(How to complete this task) Each record must be copied in full and unchanged; any image it holds is excluded.

[Text-to-region grounding data]
++++++++++

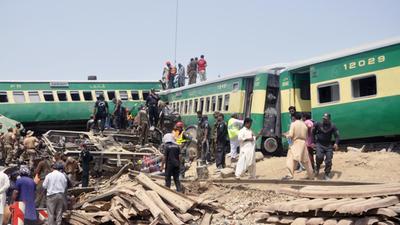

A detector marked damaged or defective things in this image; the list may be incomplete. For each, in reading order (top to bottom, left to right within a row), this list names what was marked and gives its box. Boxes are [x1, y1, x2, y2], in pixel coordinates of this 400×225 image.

broken window [318, 82, 340, 103]
broken window [352, 75, 376, 98]
broken wooden plank [135, 173, 196, 214]
broken wooden plank [147, 191, 184, 225]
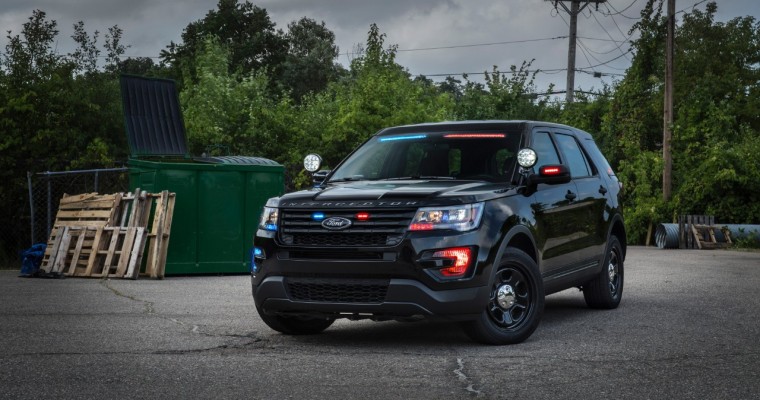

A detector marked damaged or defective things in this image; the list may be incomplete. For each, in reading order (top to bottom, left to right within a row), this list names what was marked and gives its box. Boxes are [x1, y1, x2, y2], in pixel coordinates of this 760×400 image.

cracked pavement [1, 248, 760, 398]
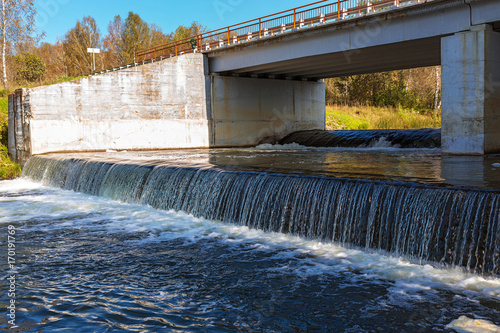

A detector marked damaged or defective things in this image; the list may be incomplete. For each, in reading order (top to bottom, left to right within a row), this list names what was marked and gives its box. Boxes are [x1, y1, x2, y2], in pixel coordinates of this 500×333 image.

rusty metal handrail [134, 0, 410, 63]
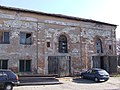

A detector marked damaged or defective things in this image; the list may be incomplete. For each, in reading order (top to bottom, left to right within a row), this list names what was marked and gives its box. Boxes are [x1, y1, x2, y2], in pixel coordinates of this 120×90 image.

peeling plaster wall [0, 8, 116, 75]
damaged facade [0, 5, 117, 76]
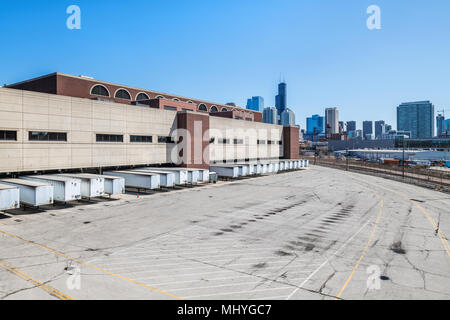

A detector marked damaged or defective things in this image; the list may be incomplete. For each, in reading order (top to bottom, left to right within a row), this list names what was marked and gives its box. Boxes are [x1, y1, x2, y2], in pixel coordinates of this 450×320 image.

cracked pavement [0, 165, 448, 300]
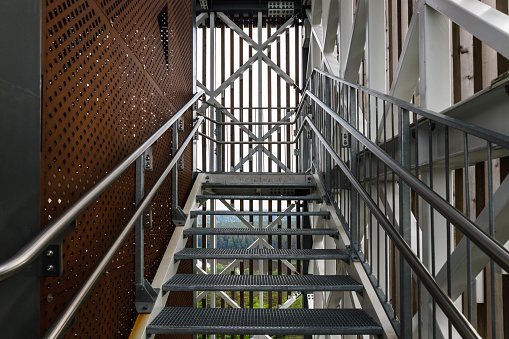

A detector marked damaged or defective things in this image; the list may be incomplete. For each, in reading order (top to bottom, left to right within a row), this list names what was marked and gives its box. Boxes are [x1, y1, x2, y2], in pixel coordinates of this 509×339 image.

rusted metal surface [40, 0, 192, 338]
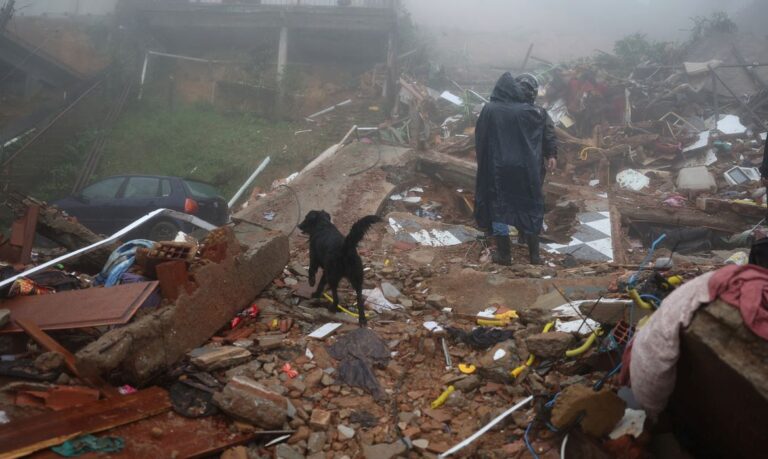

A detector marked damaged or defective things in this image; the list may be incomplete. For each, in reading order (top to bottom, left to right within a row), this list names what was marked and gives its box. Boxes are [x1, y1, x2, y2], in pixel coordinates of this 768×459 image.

broken wooden plank [0, 280, 159, 334]
broken wooden plank [0, 388, 169, 459]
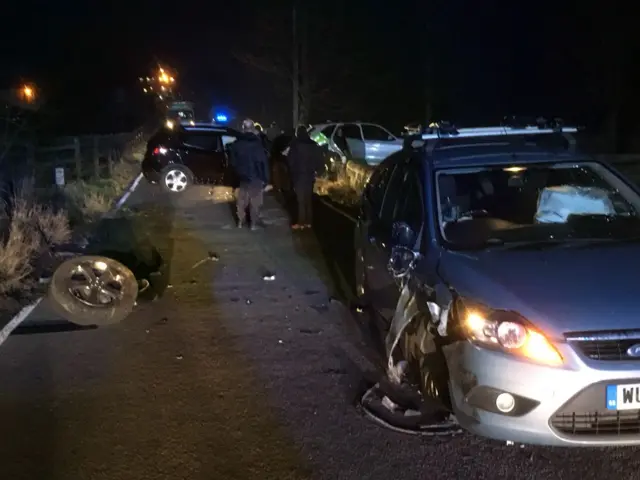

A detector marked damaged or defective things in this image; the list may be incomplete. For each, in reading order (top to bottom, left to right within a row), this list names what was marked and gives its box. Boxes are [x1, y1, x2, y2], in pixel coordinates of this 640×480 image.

++++++++++

(Your solution)
A detector marked damaged or defective things in this image; the list may be incomplete. For each, in reading order (top to bottom, left to right within a row), this list names what was marked and gives its box. Boxes are [x1, y1, x2, y2], in pixel coordinates of this 400×225 image.

broken window [318, 82, 340, 103]
broken window [352, 75, 376, 98]
broken wooden plank [135, 173, 196, 214]
broken wooden plank [147, 191, 184, 225]

A detector marked damaged or defective things in this image; the list may be incomplete. For each, in reading order (top to bottom, left to right within a row), this list names what was marked and gives its box. Boxes are [x1, y1, x2, y2], in pixel coordinates of this 760×400 image.

cracked pavement [1, 248, 760, 398]

A detector marked damaged or defective things in this image; the list may be incomplete. For each, in reading order (top to bottom, left to right within a row), this list names what was marked and gives its box. Boxes are [x1, y1, x2, y2], in pixel coordinates of this 500×333 image.

rusty metal handrail [134, 0, 410, 63]

A detector marked damaged or defective things in this image; the list may be incomplete. For each, in reading order (top to bottom, left to right within a row), this list names what was marked and gives its box. Boxes are [x1, y1, x2, y2], in pixel coordinates of this 120×90 image.

peeling plaster wall [0, 8, 116, 75]
damaged facade [0, 5, 117, 76]

A detector marked damaged or defective things in this image; the list may be incomplete. For each, in reading order (top to bottom, left to right within a row), this list names what was marked and gives its box. Boxes are [x1, y1, x2, y2], in pixel coordinates of this 450×320 image.

cracked pavement [0, 165, 448, 300]

A detector marked damaged or defective things in this image; the list may be incomplete. For each, in reading order (top to bottom, left to right within a row), this list names what was marked and gives its box. Boxes are [x1, y1, x2, y2], in pixel coordinates of this 509×339 image.

rusted metal surface [40, 0, 192, 338]

A detector marked damaged or defective things in this image; the list may be incomplete. For each, in reading order (top to bottom, left to right within a row), this list names what was marked and gives its box. Boxes are [x1, y1, x2, y2], in pixel coordinates of this 768×459 image.

broken wooden plank [0, 280, 159, 334]
broken wooden plank [0, 388, 169, 459]

A detector marked damaged or defective things in this image; the list may be incomplete. For each, in reading order (top to bottom, left to right within a row), this list names what was marked and gives its box. Boxes are [x1, y1, x2, y2], in pixel coordinates of this 640×480 image.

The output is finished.